By Juan Cole | (Informed Comment)
French President Francois Hollande addressed the Institute of the Arab World on Friday, in a bid to reassure French Muslims, who fear being the victims of a collective guilt campaign or reprisals after the attack of radicals on Charlie Hebdo.
“It is the Muslims who are the first victims of fanaticism, fundamentalism and intolerance…
We must remember that . . . Islam is compatible with democracy, and that we must reject lumping everyone together or mixing them up with one another, and must have in France French of Muslim faith who have the same rights and the same duties as all citizens.
They must be protected. Secularism helps in this regard since it respects all religions… Anti-Muslim actions, like Antisemitism, must be denounced and severely punished…
France was formed by movements of population and the flux of immigration. It is constituted by the diversity of what is in France. A number of my compatriots have attachments in the ARab world, coming from North Africa or the Near East. They might be Jews, Muslims, Christians, they might be believers or no. But they have a link to the Arab world and they have contributed, generation after generation, to the history of France.
In contrast to the racist discourse of the National Front, which paints Muslims as alien and dangerous and non-Muslim French as monochrome, Hollande adopted an almost American diction of celebration of immigrant communities.

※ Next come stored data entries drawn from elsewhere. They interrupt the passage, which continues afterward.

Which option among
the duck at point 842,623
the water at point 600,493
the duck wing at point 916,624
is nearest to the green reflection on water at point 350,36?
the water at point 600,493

He made the argument that it isn’t importing religion into government (as many states in the Middle East unfortunately do) that guarantees minority rights but rather secular government, which tolerates all religions equally. He is being a little idealistic about actual French secularism as it is enshrined in law and practice, but the general principle is correct. Secular government can neutralize religious competition for the state of the sort we have seen in post-Bush Iraq, with all its disasters.

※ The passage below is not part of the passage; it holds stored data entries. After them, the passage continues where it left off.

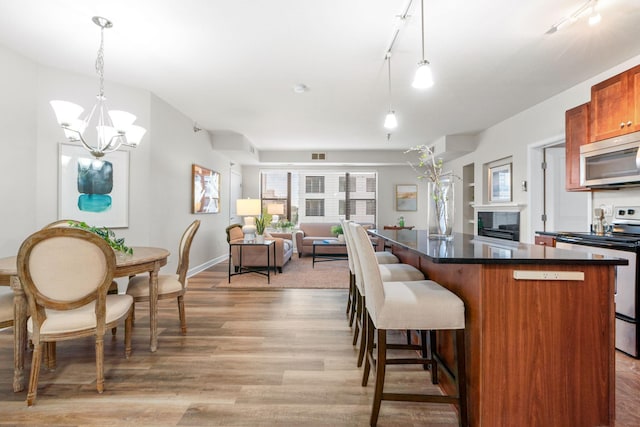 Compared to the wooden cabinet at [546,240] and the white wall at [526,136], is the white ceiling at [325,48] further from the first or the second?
the wooden cabinet at [546,240]

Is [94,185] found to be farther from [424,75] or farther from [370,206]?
[370,206]

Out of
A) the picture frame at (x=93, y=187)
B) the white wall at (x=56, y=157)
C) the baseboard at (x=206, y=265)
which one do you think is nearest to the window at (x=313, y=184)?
the baseboard at (x=206, y=265)

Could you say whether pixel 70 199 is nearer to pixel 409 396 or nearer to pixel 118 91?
pixel 118 91

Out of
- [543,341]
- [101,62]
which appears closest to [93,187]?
[101,62]

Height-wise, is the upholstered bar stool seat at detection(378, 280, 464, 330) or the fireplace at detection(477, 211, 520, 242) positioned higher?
the fireplace at detection(477, 211, 520, 242)

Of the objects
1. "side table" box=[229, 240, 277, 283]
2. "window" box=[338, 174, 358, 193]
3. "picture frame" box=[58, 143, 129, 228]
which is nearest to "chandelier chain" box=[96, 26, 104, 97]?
"picture frame" box=[58, 143, 129, 228]

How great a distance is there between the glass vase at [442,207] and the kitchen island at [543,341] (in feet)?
2.80

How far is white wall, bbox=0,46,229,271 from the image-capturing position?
2805 mm

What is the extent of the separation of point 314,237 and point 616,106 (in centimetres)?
564

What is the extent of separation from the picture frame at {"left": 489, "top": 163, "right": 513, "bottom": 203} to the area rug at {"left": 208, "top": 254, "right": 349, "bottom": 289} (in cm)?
284

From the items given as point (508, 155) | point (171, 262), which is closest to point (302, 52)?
point (171, 262)

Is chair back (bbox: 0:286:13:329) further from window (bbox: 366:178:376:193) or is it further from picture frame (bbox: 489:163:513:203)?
window (bbox: 366:178:376:193)

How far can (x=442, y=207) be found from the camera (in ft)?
7.25

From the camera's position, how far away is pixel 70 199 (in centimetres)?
326
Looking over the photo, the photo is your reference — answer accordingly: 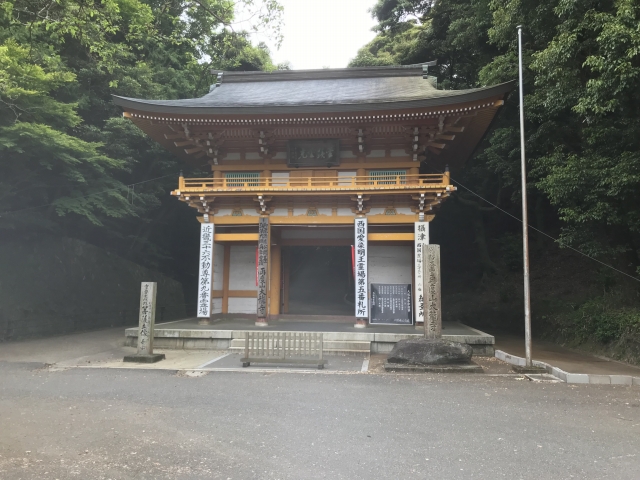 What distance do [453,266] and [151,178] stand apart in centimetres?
1625

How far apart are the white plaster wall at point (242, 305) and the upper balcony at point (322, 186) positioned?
3886 mm

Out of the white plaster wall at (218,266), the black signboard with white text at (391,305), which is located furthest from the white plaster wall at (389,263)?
the white plaster wall at (218,266)

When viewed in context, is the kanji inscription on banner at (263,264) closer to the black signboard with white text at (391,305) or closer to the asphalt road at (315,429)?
the black signboard with white text at (391,305)

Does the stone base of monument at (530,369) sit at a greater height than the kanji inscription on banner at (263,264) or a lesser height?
lesser

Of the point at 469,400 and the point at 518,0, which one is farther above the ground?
the point at 518,0

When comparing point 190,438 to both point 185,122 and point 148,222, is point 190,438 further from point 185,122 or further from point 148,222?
point 148,222

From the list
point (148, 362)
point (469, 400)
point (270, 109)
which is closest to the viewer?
point (469, 400)

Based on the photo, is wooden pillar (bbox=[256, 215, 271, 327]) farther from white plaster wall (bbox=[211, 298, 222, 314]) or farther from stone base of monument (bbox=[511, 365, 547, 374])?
stone base of monument (bbox=[511, 365, 547, 374])

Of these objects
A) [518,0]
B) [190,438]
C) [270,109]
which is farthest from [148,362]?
[518,0]

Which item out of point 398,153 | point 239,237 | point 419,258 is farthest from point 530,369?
point 239,237

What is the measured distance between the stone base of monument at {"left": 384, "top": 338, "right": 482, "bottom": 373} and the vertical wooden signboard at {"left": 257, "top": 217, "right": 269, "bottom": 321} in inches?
198

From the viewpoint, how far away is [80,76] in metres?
14.6

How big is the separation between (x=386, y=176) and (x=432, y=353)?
6.21 meters

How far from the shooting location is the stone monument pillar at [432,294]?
329 inches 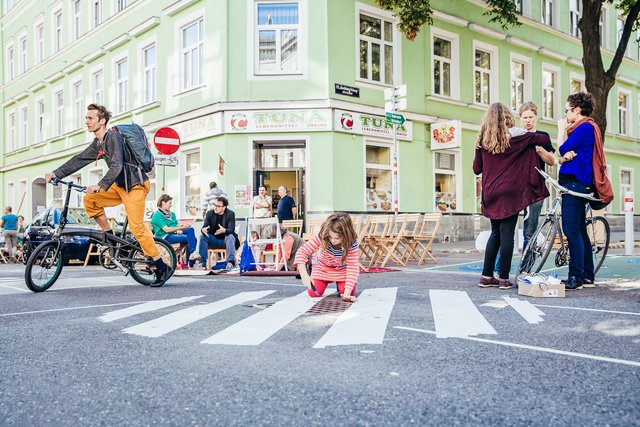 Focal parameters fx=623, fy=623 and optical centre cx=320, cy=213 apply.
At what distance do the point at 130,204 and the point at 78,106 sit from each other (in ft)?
69.5

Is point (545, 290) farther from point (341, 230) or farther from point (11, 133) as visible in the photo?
point (11, 133)

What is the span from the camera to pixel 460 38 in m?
20.8

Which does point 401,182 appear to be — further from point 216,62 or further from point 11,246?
point 11,246

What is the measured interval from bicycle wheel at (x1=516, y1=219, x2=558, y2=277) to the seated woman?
6.61 metres

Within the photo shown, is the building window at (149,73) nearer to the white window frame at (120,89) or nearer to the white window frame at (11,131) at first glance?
the white window frame at (120,89)

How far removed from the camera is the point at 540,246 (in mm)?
7129

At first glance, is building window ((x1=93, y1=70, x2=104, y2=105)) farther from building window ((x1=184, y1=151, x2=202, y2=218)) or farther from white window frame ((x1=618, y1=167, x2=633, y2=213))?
white window frame ((x1=618, y1=167, x2=633, y2=213))

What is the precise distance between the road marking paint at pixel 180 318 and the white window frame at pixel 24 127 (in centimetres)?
2927

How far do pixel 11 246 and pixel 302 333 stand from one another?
18.5 metres

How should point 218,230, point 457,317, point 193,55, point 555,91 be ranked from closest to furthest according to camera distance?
point 457,317 → point 218,230 → point 193,55 → point 555,91

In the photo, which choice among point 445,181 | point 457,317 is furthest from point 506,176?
point 445,181

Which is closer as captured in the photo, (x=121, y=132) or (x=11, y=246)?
(x=121, y=132)

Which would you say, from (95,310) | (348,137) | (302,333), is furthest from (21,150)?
(302,333)

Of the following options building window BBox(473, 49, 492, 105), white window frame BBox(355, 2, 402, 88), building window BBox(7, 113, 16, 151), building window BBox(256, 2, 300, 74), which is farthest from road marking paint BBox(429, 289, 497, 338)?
building window BBox(7, 113, 16, 151) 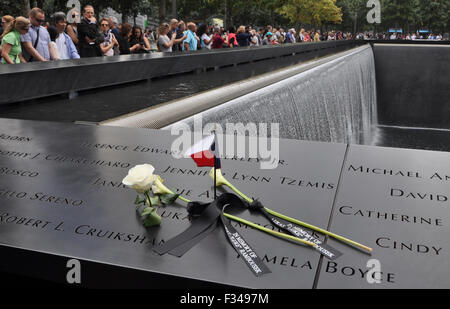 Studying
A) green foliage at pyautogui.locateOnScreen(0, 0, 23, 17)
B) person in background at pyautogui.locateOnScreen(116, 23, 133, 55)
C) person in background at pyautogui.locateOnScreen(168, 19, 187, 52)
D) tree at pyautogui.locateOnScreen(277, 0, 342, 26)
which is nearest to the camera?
person in background at pyautogui.locateOnScreen(116, 23, 133, 55)

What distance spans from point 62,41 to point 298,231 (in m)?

Hollande surely made waves when he put anti-Muslimism on exactly the same level as Antisemitism, and pledged to be as vigorous in combating the one as the other. I haven’t heard any other Western leader go so far as to equate these two.
Otherwise, his acceptance of the Muslim French as full French citizens is extremely important in the hothouse atmosphere of European politics today, where many right wing parties determinedly “other” the European Muslims.

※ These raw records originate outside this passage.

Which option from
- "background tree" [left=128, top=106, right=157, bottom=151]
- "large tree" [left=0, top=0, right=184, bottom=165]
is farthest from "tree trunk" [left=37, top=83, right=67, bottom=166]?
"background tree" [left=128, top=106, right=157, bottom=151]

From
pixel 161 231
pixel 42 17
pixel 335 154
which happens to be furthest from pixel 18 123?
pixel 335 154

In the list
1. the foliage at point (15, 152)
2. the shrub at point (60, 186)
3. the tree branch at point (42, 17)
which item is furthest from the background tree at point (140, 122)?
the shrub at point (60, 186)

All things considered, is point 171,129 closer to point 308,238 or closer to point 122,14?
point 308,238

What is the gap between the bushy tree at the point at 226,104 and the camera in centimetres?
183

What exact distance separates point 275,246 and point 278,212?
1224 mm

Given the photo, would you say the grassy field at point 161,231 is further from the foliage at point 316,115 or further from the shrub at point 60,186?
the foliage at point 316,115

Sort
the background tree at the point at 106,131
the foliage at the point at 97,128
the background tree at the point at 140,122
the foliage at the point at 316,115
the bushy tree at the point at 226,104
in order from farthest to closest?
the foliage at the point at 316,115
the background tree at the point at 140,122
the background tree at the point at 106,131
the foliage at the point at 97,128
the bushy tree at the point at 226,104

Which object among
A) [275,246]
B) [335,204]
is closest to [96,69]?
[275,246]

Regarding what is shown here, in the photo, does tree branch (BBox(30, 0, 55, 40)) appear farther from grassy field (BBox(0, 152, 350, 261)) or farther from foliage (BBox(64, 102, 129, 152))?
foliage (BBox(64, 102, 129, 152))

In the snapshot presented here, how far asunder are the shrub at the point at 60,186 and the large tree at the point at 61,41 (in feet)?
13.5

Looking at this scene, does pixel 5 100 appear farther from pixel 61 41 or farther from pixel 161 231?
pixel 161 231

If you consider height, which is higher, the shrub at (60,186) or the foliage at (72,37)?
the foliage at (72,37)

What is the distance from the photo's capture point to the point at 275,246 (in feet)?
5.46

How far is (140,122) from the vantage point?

Hollande underlined that France has always received immigrants (otherwise the French would be speaking Celtic languages like Breton (which some 200,000 still do in Brittany in the north). The country is named for a German tribe that immigrated in amongst the Celts, and it speaks an imported language descended from the Latin of Roman conquerors and settlers. It is made up of distinct culture regions, not only Britanny but also Provencale, the Basque country and Alsace-Lorraine. For all residents of France to speak French was an accomplishment of the Bourbons and then the Republic during the past two and a half centuries.
Modern France has actually seen many waves of labor migration– Italians in the nineteenth century, Poles in the early twentieth, North Africans after WW II. Its modern history in this regard has been much more like that of the United States than is commonly relized. In the nineteenth century, France was an early industrializer but underwent a demographic transition so that it had relatively low population growth. Focus-Migration France writes,
In order to alleviate this, France concluded labour recruitment agreements with Italy (1904, 1906, 1919), Belgium (1906), Poland (1906) and Czechoslovakia (1920). At the beginning of the 1930s, France was the second most important country in the world for immigration after the USA by absolute numbers. At that time there were about 2.7 million immigrants living in France (6.6% of the total population).
After the Second World War and during the economic upturn of the 1950s and 1960s, France once again recruited (predominantly male) workers from Italy, Portugal, Spain, Belgium, Germany, Poland and Russia. At the same time, immigration from the former colonies increased due to wars of liberation and the process of decolonisation. As a result of the Algerian War (1954–62) and the subsequent independence of Algeria in 1962, a large number of French settlers and pro-French Algerians moved to France.
In saying that “France was formed by movements of population and the flux of immigration. It is constituted by the diversity of what is in France…” Hollande is presenting an image of France as diverse and dynamic because of its diversity, rather than as closed, racial or culturally exclusive (and thus stagnant). It is a hard case to make given the current atmosphere, and it may well lose the next election. But it is the only healthy way forward. Narrow ethnic nationalism, aside from being built on falsehoods, is a recipe for exclusion and discrimination and vast social pathologies.